● Exercise requirements:
Reproduce the listing in full, exactly as written, but without images.

● Information provided:
※
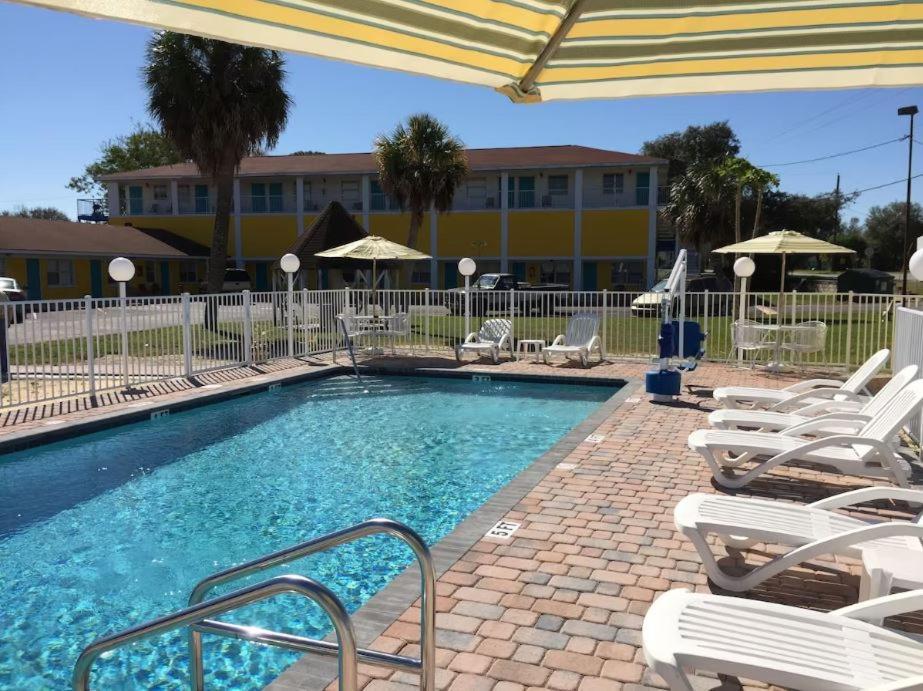 Economy Suites Winter Haven Exterior photo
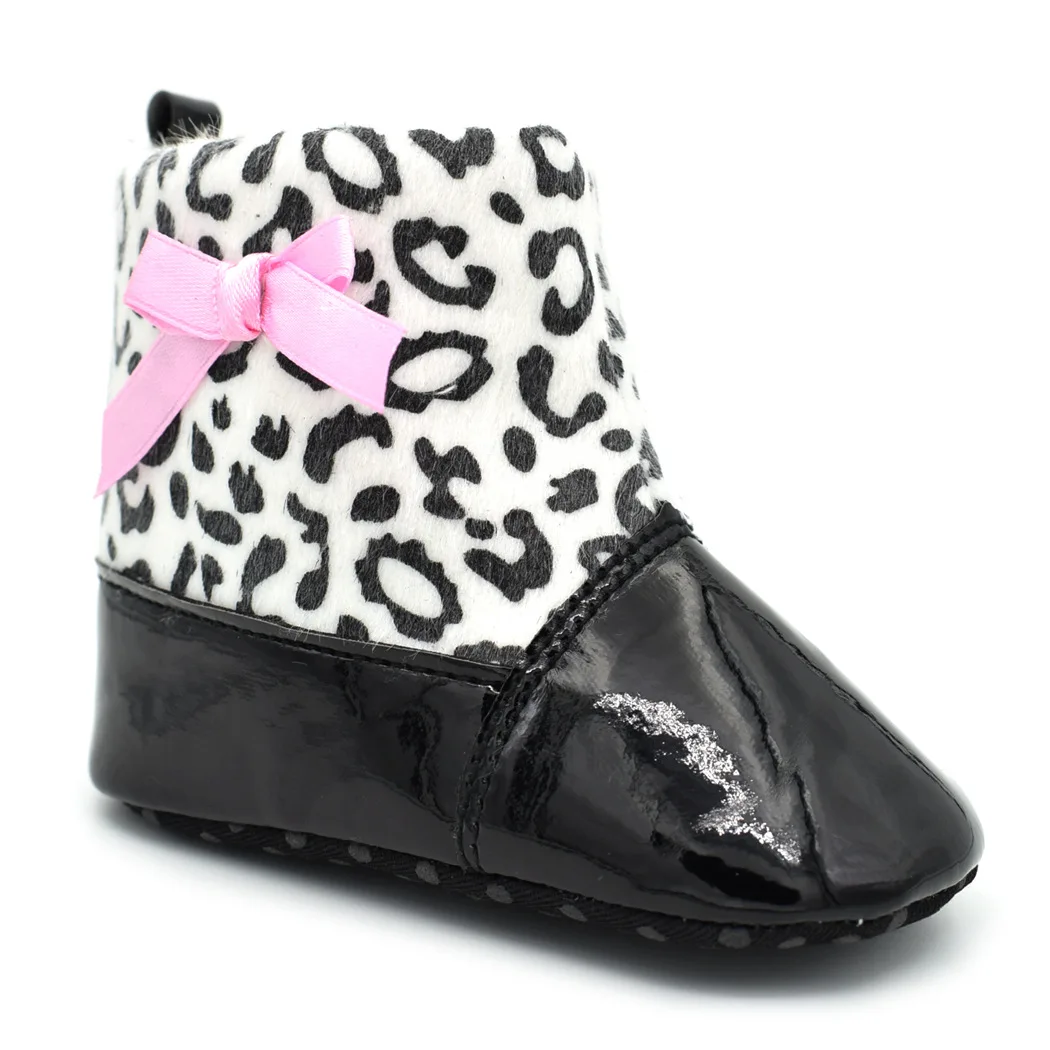 Детские зимние ботинки; Теплая обувь; Плюшевые ботинки до щиколотки для новорожденных; плюшевые хлопковые ботинки для малышей; детская обувь с бантом; хлопковые ботинки для дома - Цвет: Black leopard
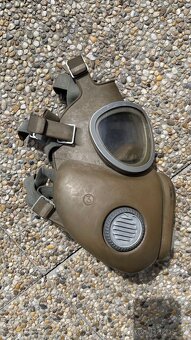 Ochranné plynové masky ČSLA OM-10M a OM-10 + filtr - 9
※
● Task answer:
 Economy Suites Winter Haven Exterior photo
 Детские зимние ботинки; Теплая обувь; Плюшевые ботинки до щиколотки для новорожденных; плюшевые хлопковые ботинки для малышей; детская обувь с бантом; хлопковые ботинки для дома - Цвет: Black leopard
 Ochranné plynové masky ČSLA OM-10M a OM-10 + filtr - 9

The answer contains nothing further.